Dr. Benjamin Saviet answers one of the most asked questions from his patients in Central Massachusetts: what's the best shoe

FAQ: What’s the best shoe to wear?

“What’s the best shoe?” I get this question all the time, but this is an incomplete question. People come in all shapes and sizes and the same is true for feet! “What's the best shoe for me?” is a much better approach that takes into account this reality. Just like a pair of pants, the perfect pair for one person may not fit someone else. 

To find your best pair of shoes, start with what has worked, or not worked, in the past. That usually gives a good idea of some qualities you may like. Next, look at your foot shape. Not all shoes are shaped the same, and not all of them are even really shaped like feet. 

Most brands are relatively consistent across their models so finding the right brand for your foot is helpful. 

Other things that can matter to an individual include: cushioning, stability, weight, total stack height, heel drop, tread, upper material, lace pattern, just to name a few. Most of those come down to personal preference after you've tried a few shoes on. Luckily we live in a time of substantial variety available in shoe gear these days.

 

Choose lighter shoes

Generally, my short answer to the question above is: the least amount of shoe you can wear comfortably without getting hurt. What that means is, if two shoes are equally comfortable, stable and fit well, you should pick the one that weighs the least. 

Even a difference of 4 ounces can make a difference over the course of a day.

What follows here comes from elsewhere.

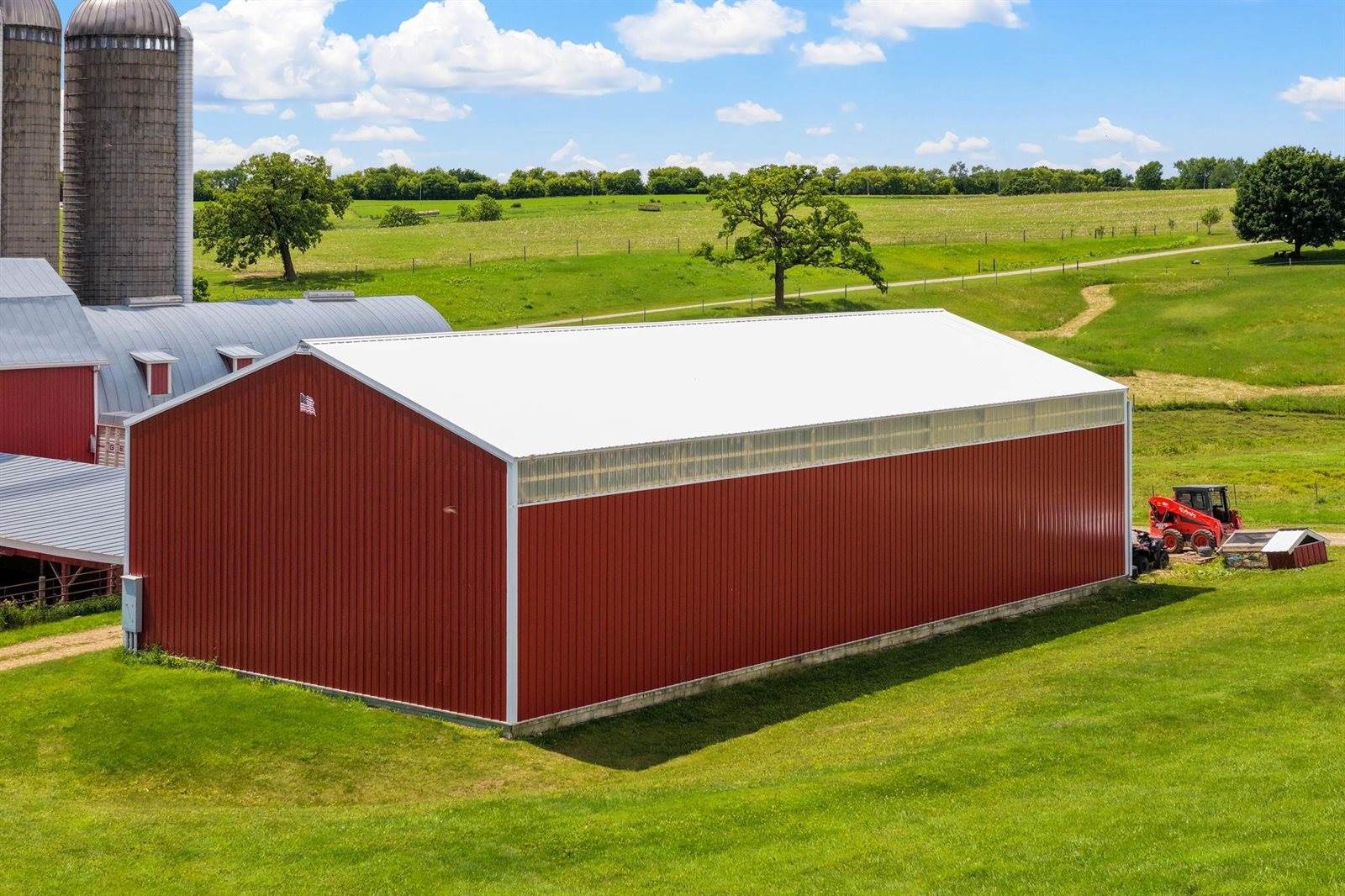 4239 Reeson, Brigham, WI 53507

If you take 6,000 steps in a day, that is equivalent to moving an extra 24,000 ounces in a day/leg. That's 1,500 lbs of extra weight moved in a day. 

At our offices, we offer comprehensive foot and gait evaluation appointments. Call 508-757-4003 if you would like to receive personalized shoe guidance.

 

Read also: Choosing the BEST trail running shoes

Dr. Benjamin Saviet is a Podiatrist at Central Massachusetts Podiatry, in Worcester and Westborough. He is a board certified rearfoot and ankle surgeon, runner and triathlete. As a former Division 1 runner, he understands how important activities are to his patients. His most important goal when treating all patients is to get them back the activities they love as quickly and safely as possible.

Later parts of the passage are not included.